Everything from the line that holds "Hybrid Cucumber RABIA by Dharti Seeds" through the end of the listing below must be retyped word for word, without any pictures.

→ DATA SHOWN:
▶

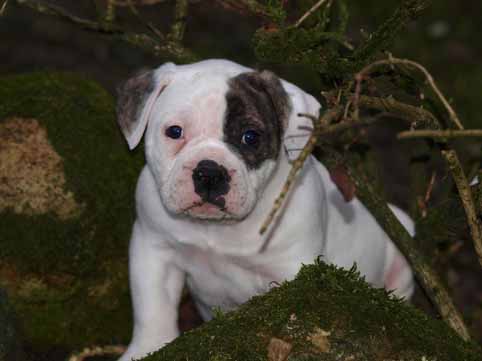Darkenwald american bulldog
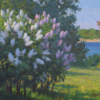 Lilacs Near The Sea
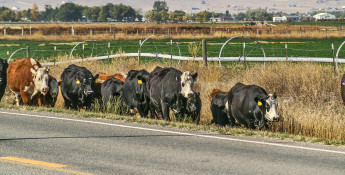 Cattle Near Road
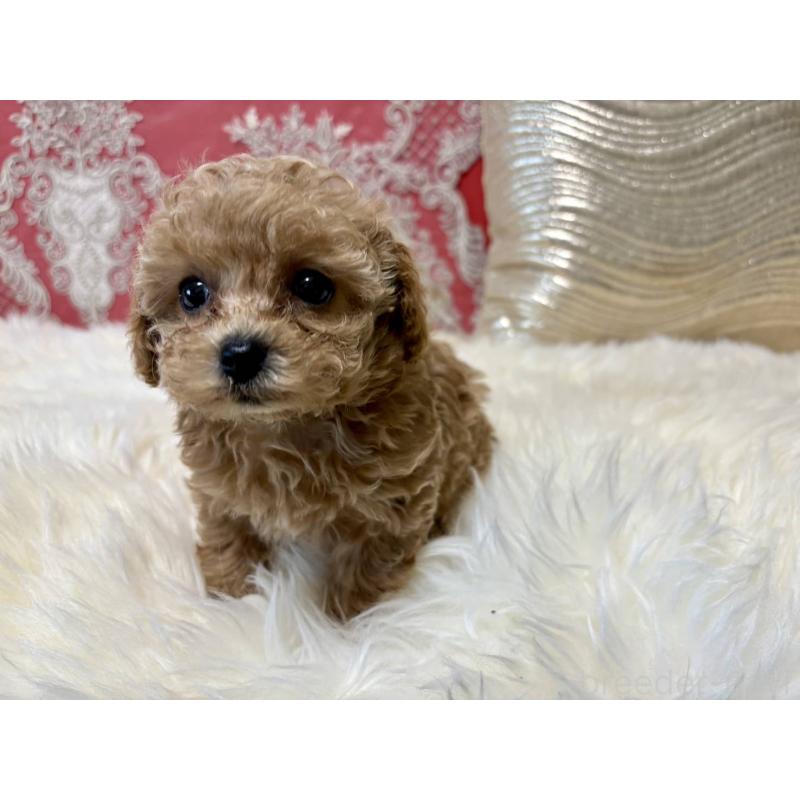 販売中の香川県のタイニープードル-432518の7枚目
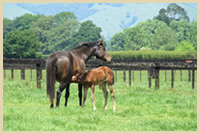 サングリエヨシミサラブレッドSP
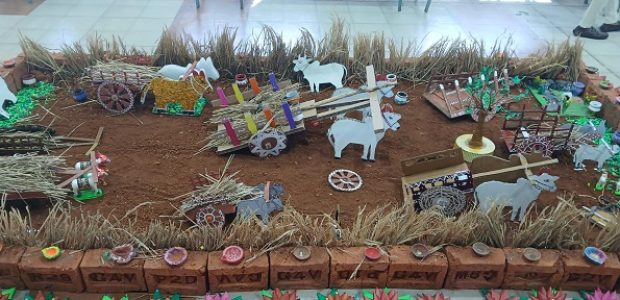 Science Exibition (3)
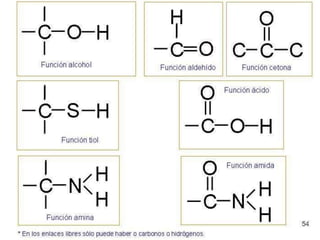 Biomoleculas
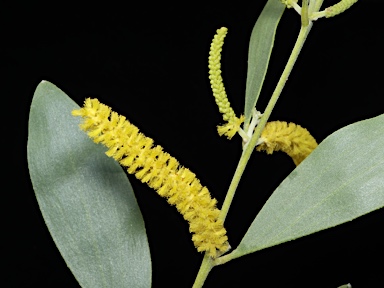 APII jpeg image of Acacia umbellata  © contact APII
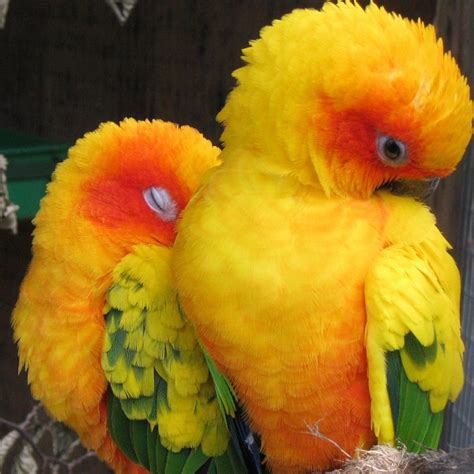 sun conure parrot : Biological Science Picture Directory – Pulpbits.net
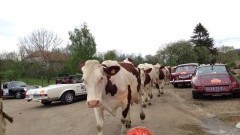 Tulpenrallye 2014: Dag 2 in volle vaart vooruit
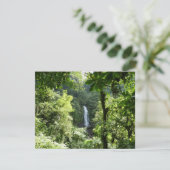 Carte Trafalgar Falls Tropical Rainforest Photographie (Debout devant)
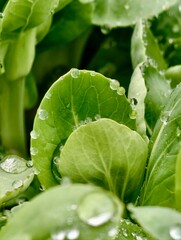 green leaf with water drops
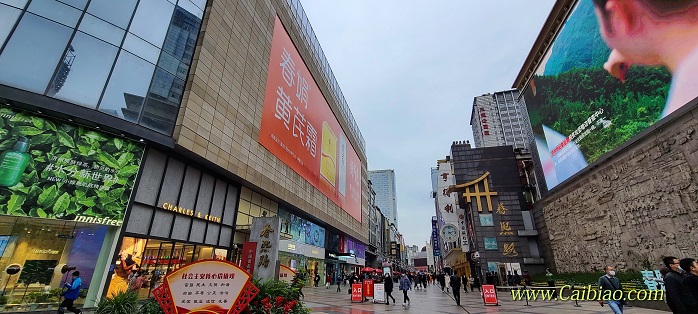 2020_Nov_ChengDu_ (4).JPG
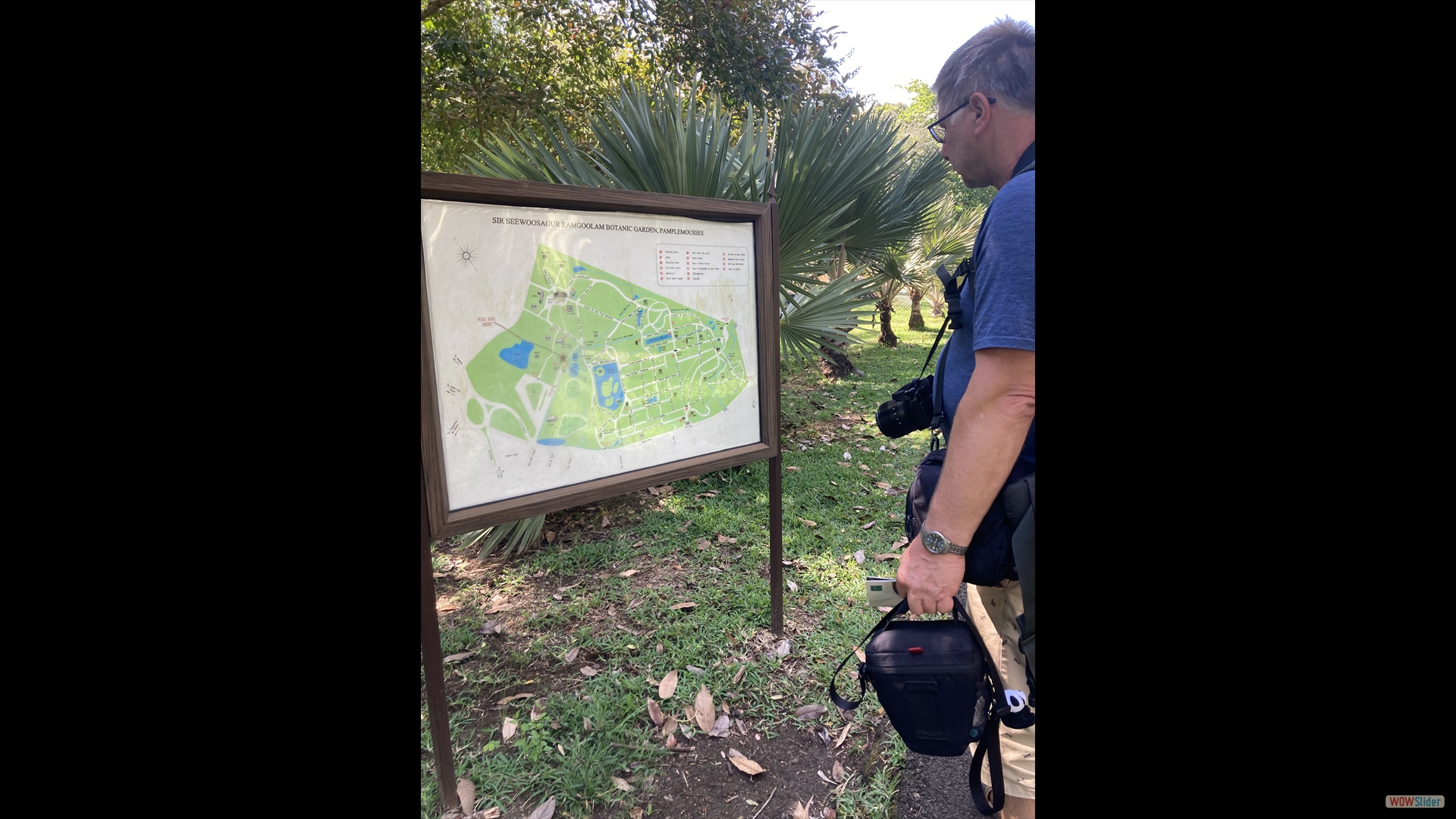 Sir Seewoosagur Ramgoolam Botanical Garden in Pamplemousses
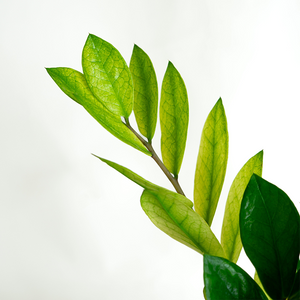 Zamioculcas 'Chameleon' 6"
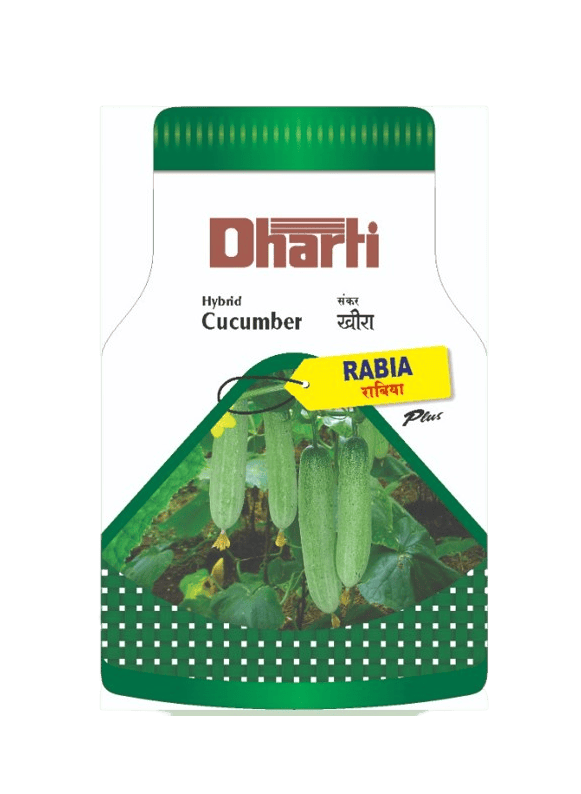 Hybrid Cucumber RABIA by Dharti Seeds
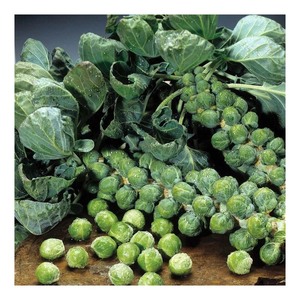 Sinocharm, buena calidad, Mini Coles de Bruselas congeladas, planta IQF, coles de Bruselas con certificación - Product Image 4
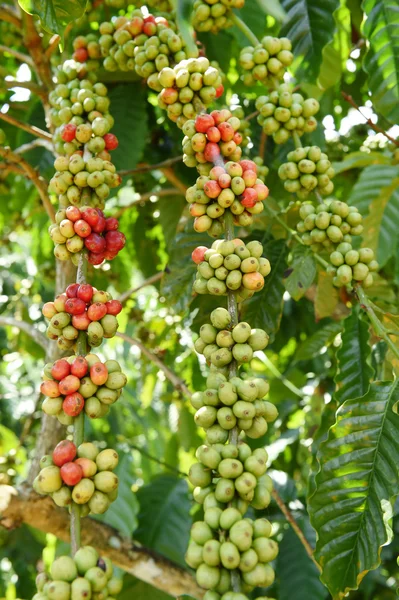 Green coffee beans on stem.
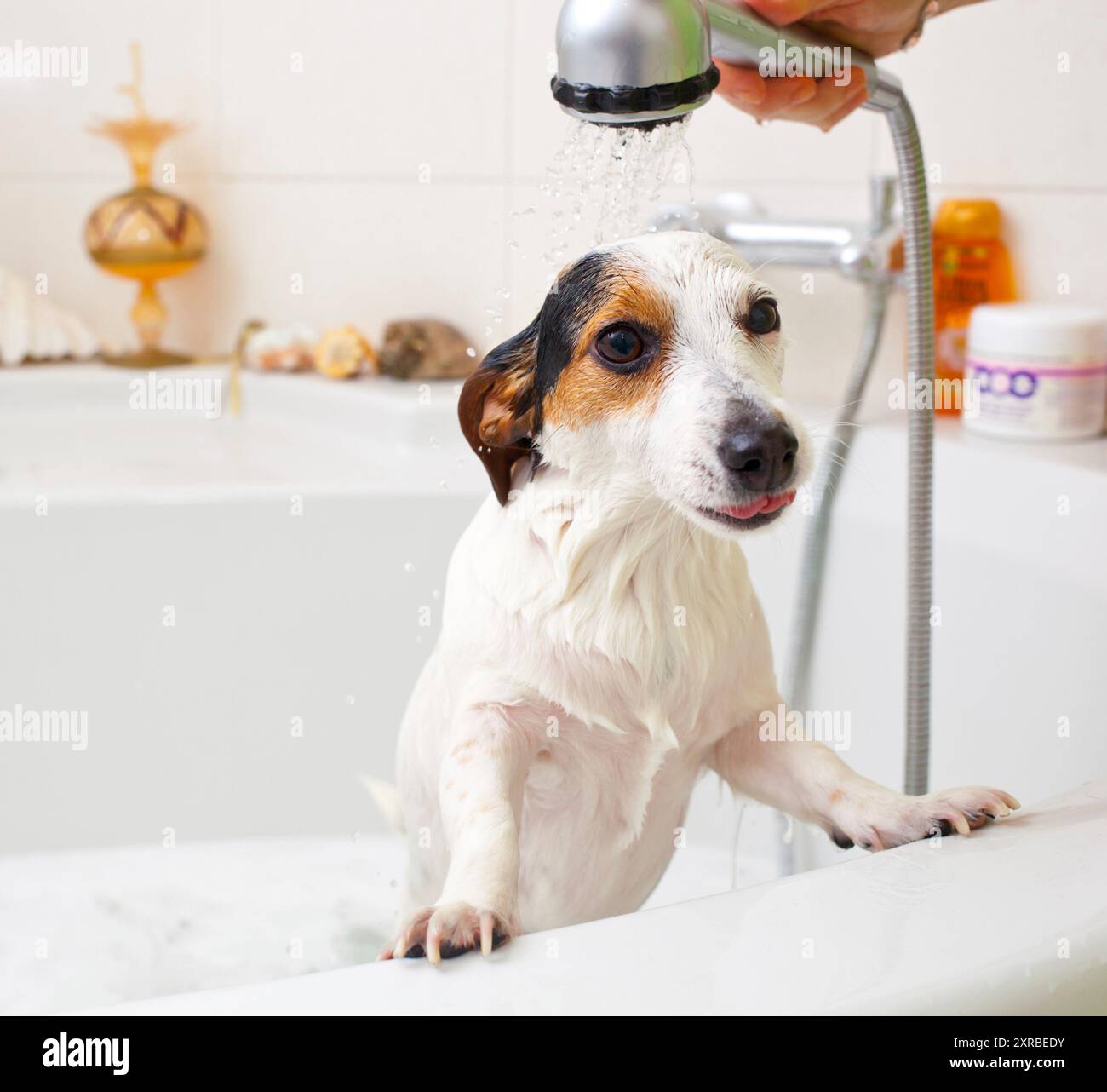 Jack Russell cane prendere un bagno in una vasca da bagno Foto Stock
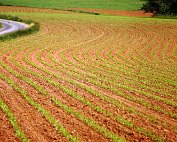 feld 29.5.1982_001 My beautiful picture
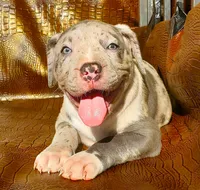 "THA ROCK" MERLE, a male American Bully for sale in Newark, NJ – 7 of 8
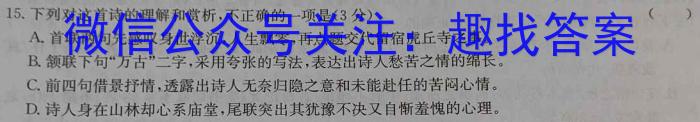 2023年湖北省孝感市高二期中考试语文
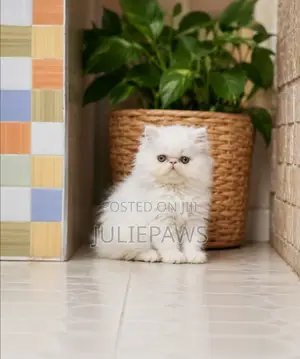Purebred Persian Kitten - 1-3 Months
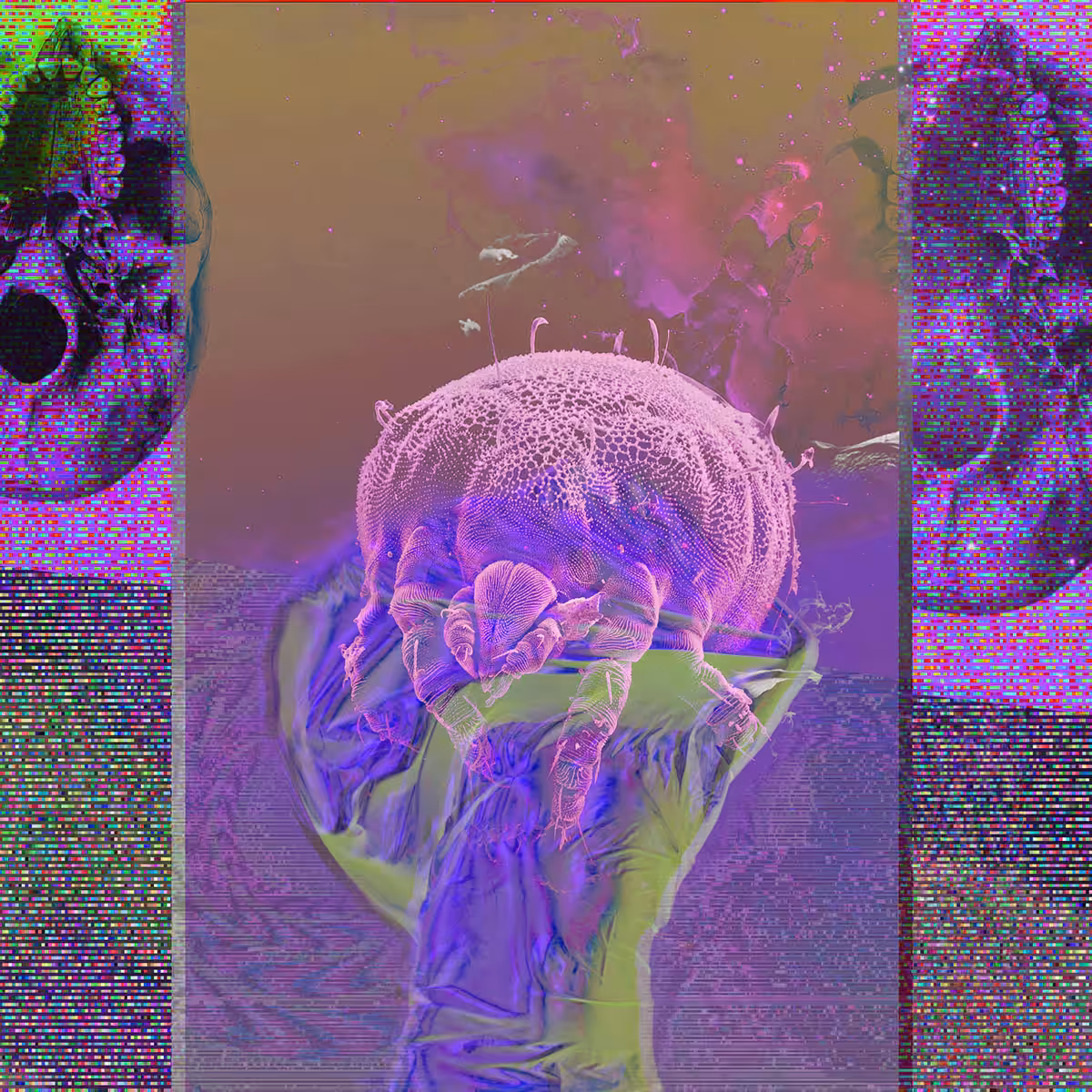 Mite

◀

→ SOLUTION BELOW:
 Hybrid Cucumber RABIA by Dharti Seeds
 Sinocharm, buena calidad, Mini Coles de Bruselas congeladas, planta IQF, coles de Bruselas con certificación - Product Image 4
 Green coffee beans on stem.
 Jack Russell cane prendere un bagno in una vasca da bagno Foto Stock
 feld 29.5.1982_001 My beautiful picture
 "THA ROCK" MERLE, a male American Bully for sale in Newark, NJ – 7 of 8
 2023年湖北省孝感市高二期中考试语文
Purebred Persian Kitten - 1-3 Months
 Mite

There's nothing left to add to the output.